Assignment:
Your copy should start at the line with "E&M Designs Slow" and end at the line with "Brown Solid Wood" in the data below. Transcribe only those lines, exactly, pictures excluded.

Material provided:
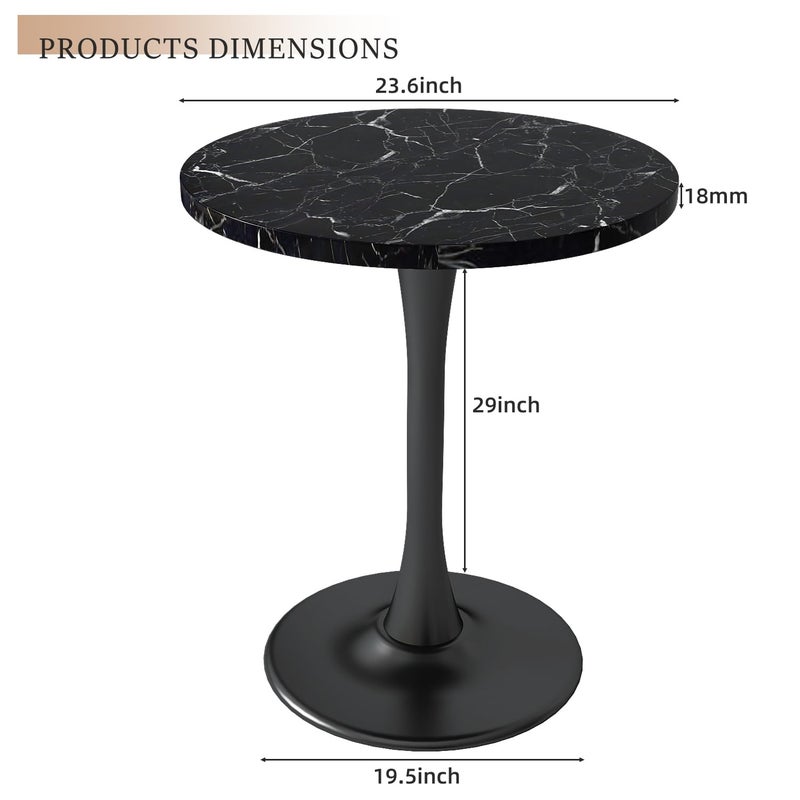 Kasinali Black Marble Round Dining Table 24" Circle Tulip Table with Thickened Tabletop & Sturdy Metal Pedestal Mid Century Modern Leisure Bistro Kitchen Tables 2 People Small Places Living Room Cafe - Image 4
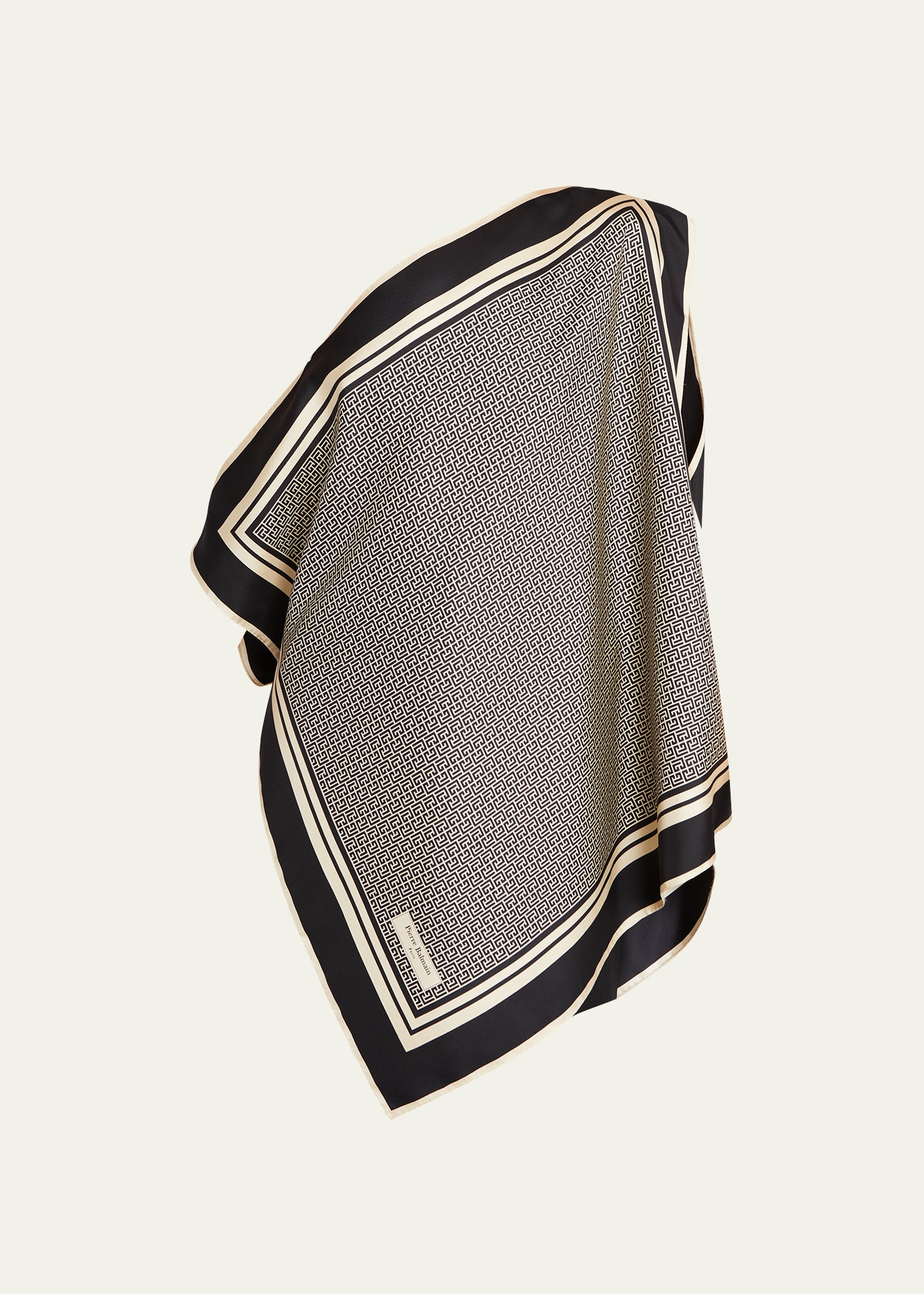 Balmain Multicolor Asymmetric Scarf Top With All-over Monogram Print In Silk Woman In Ivory Blk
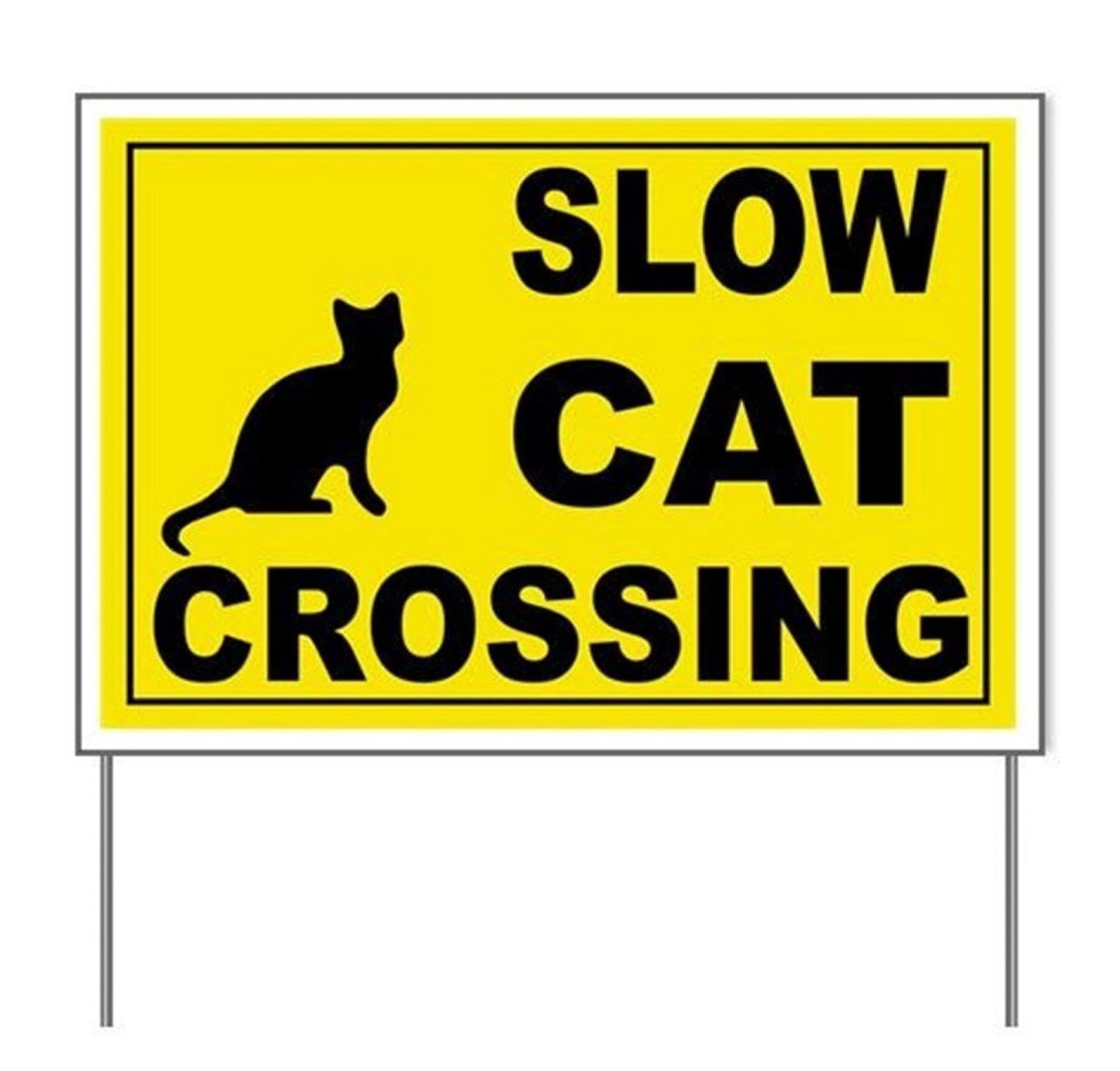 E&M Designs Slow CAT Crossing Yard SignYard Sign, Vinyl Lawn Sign, Political Election Sign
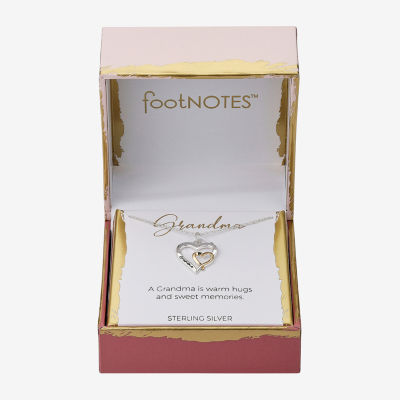 Footnotes Grandma Sterling Silver 16 Inch Link Heart Pendant Necklace
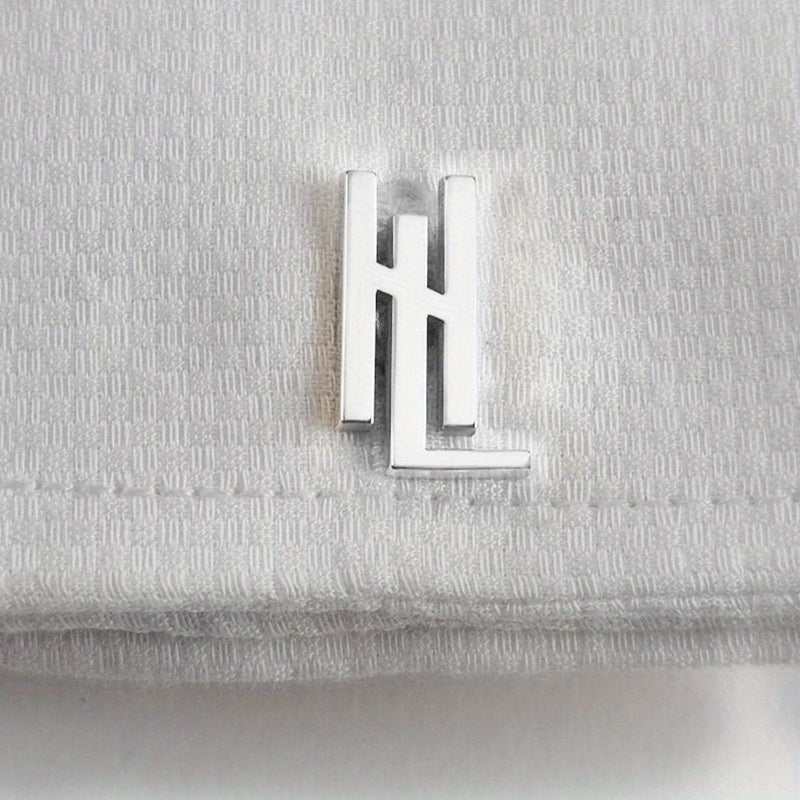 Personalized Thin Cufflinks with Initials for Groomsmen and Fathers Wedding Gift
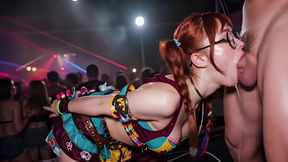 teens came to a cosplay party to dance, but they were filled with tons of cum!!! (ai generated)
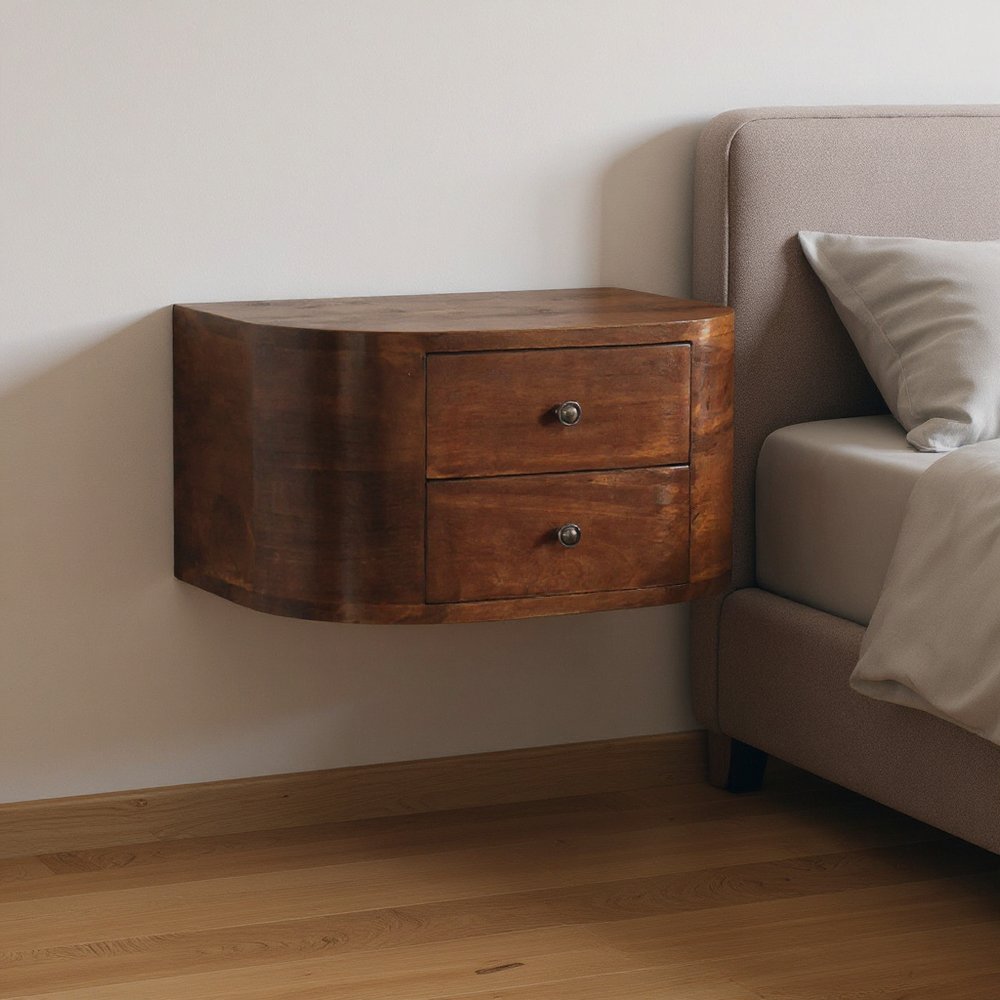 Brown Solid Wood Round Two Drawer Floating Nightstand - 18-inch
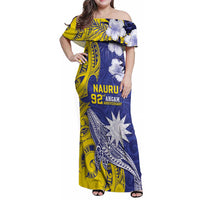 Personalised Nauru 92nd Anniversary Of Angam Family Matching Off Shoulder Maxi Dress and Hawaiian Shirt Polynesian Whale Pattern LT05 Mom's Dress Blue - Polynesian Pride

Response below:
 E&M Designs Slow CAT Crossing Yard SignYard Sign, Vinyl Lawn Sign, Political Election Sign
 Footnotes Grandma Sterling Silver 16 Inch Link Heart Pendant Necklace
 Personalized Thin Cufflinks with Initials for Groomsmen and Fathers Wedding Gift
 teens came to a cosplay party to dance, but they were filled with tons of cum!!! (ai generated)
 Brown Solid Wood Round Two Drawer Floating Nightstand - 18-inch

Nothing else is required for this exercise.